Epiphany and catharsis 

Cranberries reunite in time for current Zombie craze

It wasn't necessarily divine intervention, but the sudden reunion of the Celtically inclined Cranberries after nearly seven years apart did have lofty origins. It all started in early 2008, explains gale-forced frontwoman Dolores O'Riordan, when she was awarded an Honorary Patronage at Dublin's Trinity College Philosophical Society and invited to play a couple of songs at the ceremony. For backup, she phoned her old bandmates — guitarist Neil Hogan and his bassist brother Mike — and the impromptu gig proved enjoyable for all involved.

"So this summer I had my second solo record coming out [No Baggage], and my son had his confirmation," says the mother of four, who again invited the Hogans, plus original Cranberries drummer Fergal Lawler, to come celebrate. It proved a vital wake-up call.

"The guys came with their wives and their 11 kids, and it was strange seeing all these kids that I'd never met," recalls O'Riordan, who had just announced a solo No Baggage tour. "They were all small babies or hadn't been born yet the last time the band was together. A whole new generation had come up, and I was thinking 'My God — time's moving on! And we are not getting any younger!' So we all talked about it, had a few jars, and finally said 'Let's do it!
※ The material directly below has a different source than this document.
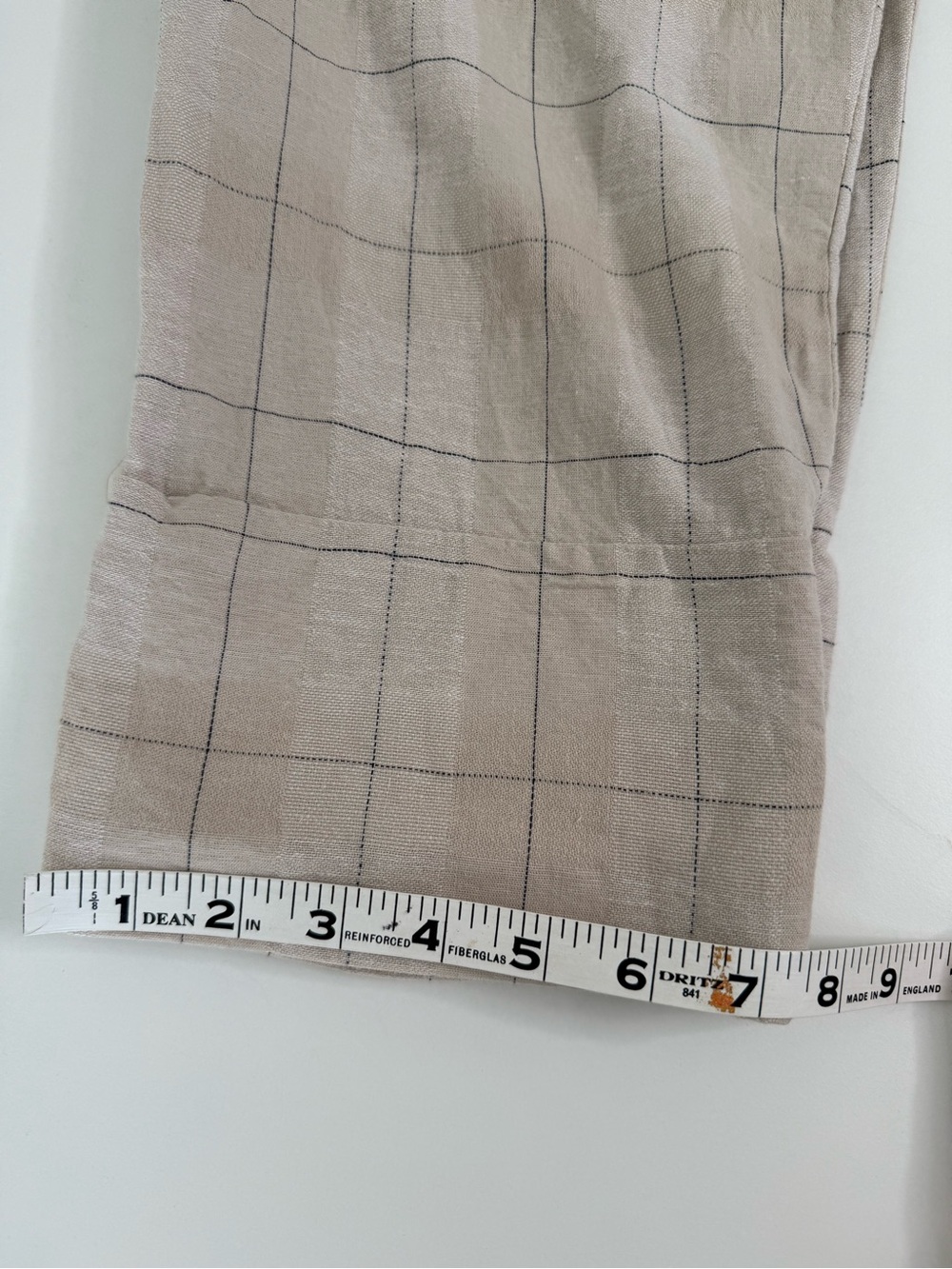 Zara Plaid Window Pain Cropped Cotton Linen Blend Pants-Cream Navy-Size Small - Picture 10 of 11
Let's do a reunion!'"

And yes, Cran fans, the current comeback juggernaut will feature classic hits like "Linger," "Zombie" and "Ridiculous Thoughts," all delivered in O'Riordan's unmistakable blustery, brogue-inflected style. But will it all lead to a new sixth album from the group?

"It could happen," says the singer. "If the new material we come up with sounds good and different, we're gonna go for it. But if the chemistry's not there, it's not there. And I think we'll know ourselves whether or not it's gonna happen, so we're kinda winging it for now."
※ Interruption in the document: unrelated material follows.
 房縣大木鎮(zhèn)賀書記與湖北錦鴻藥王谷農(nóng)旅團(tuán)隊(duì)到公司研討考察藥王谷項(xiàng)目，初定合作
The live shows will also feature material from O'Riordan's new solo album, her most insightful to date. From the opening "Switch Off the Moment," which features the grim passage "Some mental anguish in my head / Wake me up, I am not dead," tracks like "Skeleton," "Lunatic" and "Tranquilizer" just keep getting darker. O'Riordan says the songs were all written over a year-and-a-half period of deep introspection at her secluded log cabin up in Ontario.

"As you get older, I think it's good to open up and acknowledge that everybody has had their scary moments, their negative experiences," reckons the composer, who also finds catharsis in oil painting. "And in order to move on and find comfort and hope, you actually have to learn to stop running from the darkness and face it. Because when you face it, it's really not that scary at all. And sometimes the darkness actually turns around and runs away."

The solitude of O'Riordan's wilderness retreat helped the songwriting process: "Bored is good — it's great to get bored and be stuck with yourself. You get to know yourself a lot better that way."

This zenlike attitude even extends to the Cranberries breakup. "I guess all bands get to that point where they run out of inspiration, and we'd lost that chemistry. The excitement went out of it. So taking a hiatus was a really good idea. It's made it all fresh again."